BY ACCESSING OR USING THE CLEAR SIGN PARTNER API GUIDE, YOU (A) ACKNOWLEDGE THAT YOU HAVE READ AND UNDERSTAND THIS AGREEMENT; (B) REPRESENT AND WARRANT THAT YOU HAVE THE RIGHT, POWER AND AUTHORITY TO ENTER INTO THIS AGREEMENT AND (C) ACCEPT THIS AGREEMENT AND AGREE THAT YOU ARE LEGALLY BOUND BY ITS TERMS. IF YOU DO NOT ACCEPT THESE TERMS, YOU MAY NOT ACCESS OR USE THE API GUIDE OR THE API.
Subject to and conditioned on your compliance with all terms and conditions set forth in this Agreement, we hereby grant you a limited, revocable, non-exclusive, non-transferable, non-sublicensable license during the term of the Agreement to (a) access and use the API Documentation solely for your internal business purposes in developing Your Applications that will communicate and interoperate with any Company Offering; and (b) display certain Company Marks in compliance with usage guidelines that we may specify from time to time solely in connection with the use of the API Documentation, the API and the Applications and not in connection with the advertising, promotion, distribution or sale of any other products or services. You acknowledge that there are no implied licenses granted under this Agreement. We reserve all rights that are not expressly granted. You may not use the API Documentation, the API or any Company Mark for any other purpose without the prior written consent of the Company. You acknowledge that access to the API Documentation does not guarantee access to the API, that the Company makes no guarantee of such access and that Nexsys will not be held liable for any costs whatsoever that are incurred by you, including but not limited to development costs, technology costs, business costs or damages associated with use of the API documentation, or as a result of denial of access to the API. You must obtain the expressed written permission of the Company to use and access the API. You may not share your access with any third party, must keep your login information for access to the API secure and must only use the prescribed manner of access designated by the Company as your sole means of accessing the API. Your access to the API may be revoked at any time by the Company, for any reason, as determined appropriate in the Company’s sole discretion.

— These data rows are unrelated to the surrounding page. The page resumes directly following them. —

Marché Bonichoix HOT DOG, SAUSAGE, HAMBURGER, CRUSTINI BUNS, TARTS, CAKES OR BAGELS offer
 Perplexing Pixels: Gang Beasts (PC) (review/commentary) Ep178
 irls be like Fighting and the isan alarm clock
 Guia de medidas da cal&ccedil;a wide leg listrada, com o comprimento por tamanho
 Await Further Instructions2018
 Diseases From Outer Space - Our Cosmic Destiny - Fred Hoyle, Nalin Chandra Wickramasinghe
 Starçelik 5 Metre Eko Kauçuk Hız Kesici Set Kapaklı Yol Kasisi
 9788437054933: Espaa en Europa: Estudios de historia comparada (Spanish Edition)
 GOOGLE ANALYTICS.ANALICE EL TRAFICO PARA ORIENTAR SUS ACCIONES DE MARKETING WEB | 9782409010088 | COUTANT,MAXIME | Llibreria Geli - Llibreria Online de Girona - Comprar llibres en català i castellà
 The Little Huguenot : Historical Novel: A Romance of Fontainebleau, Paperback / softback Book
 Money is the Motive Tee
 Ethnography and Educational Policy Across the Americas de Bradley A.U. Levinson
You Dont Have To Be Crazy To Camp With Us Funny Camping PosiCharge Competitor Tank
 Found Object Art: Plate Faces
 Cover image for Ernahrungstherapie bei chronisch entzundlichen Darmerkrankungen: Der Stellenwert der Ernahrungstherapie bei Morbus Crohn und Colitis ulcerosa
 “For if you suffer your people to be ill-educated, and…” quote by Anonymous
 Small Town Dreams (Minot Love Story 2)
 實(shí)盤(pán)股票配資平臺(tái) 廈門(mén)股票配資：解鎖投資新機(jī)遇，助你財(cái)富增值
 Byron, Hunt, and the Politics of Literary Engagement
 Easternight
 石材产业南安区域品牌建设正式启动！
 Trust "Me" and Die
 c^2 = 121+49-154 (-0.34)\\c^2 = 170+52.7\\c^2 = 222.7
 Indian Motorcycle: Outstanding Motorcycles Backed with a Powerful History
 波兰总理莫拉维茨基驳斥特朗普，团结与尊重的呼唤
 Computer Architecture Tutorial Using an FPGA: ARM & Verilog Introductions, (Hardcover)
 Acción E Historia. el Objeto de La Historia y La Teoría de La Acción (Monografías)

Except as expressly authorized under this Agreement, you may not:
You will comply with all terms and conditions of this Agreement, all applicable laws, rules and regulations and all guidelines, standards and requirements. In addition, you will not use the API Documentation or the API (if granted access) in connection with or to promote any products, services or materials that constitute, promote or are used primarily for the purpose of dealing in spyware, adware or other malicious programs or code, counterfeit goods, items subject to U.S. embargo, unsolicited mass distribution of email (“spam”), multi-level marketing proposals, hate materials, hacking, surveillance, interception or descrambling equipment, libelous, defamatory, obscene, pornographic, abusive or otherwise offensive content, stolen products and items used for theft, hazardous materials or any illegal activities.
This Agreement does not entitle you to any support in regard to the API Documentation or your ensuing use of the Documentation for your internal business purposes. You acknowledge that we may update or modify the API Documentation from time to time and at our sole discretion (in each instance, an “Update”), and may require you to obtain and use the most recent version of the API Documentation. Updates may adversely affect how Your Applications communicate with the Company Offering. You are solely responsible to make any changes to Your Applications that are required for integration as a result of such Updates at your sole cost and expense. Your continued use of the API Documentation following an Update constitutes binding acceptance of any and all available Updates.
You acknowledge and agree that no license fees or other payments will be due under this Agreement in exchange for the rights granted under this Agreement. You acknowledge and agree that this fee arrangement is made in consideration of the mutual covenants set forth in this agreement, including, without limitation, the disclaimers, exclusions and limitations of liability set forth herein. Notwithstanding the foregoing, we reserve the right to start charging for access to and use of the API Documentation and API at any time.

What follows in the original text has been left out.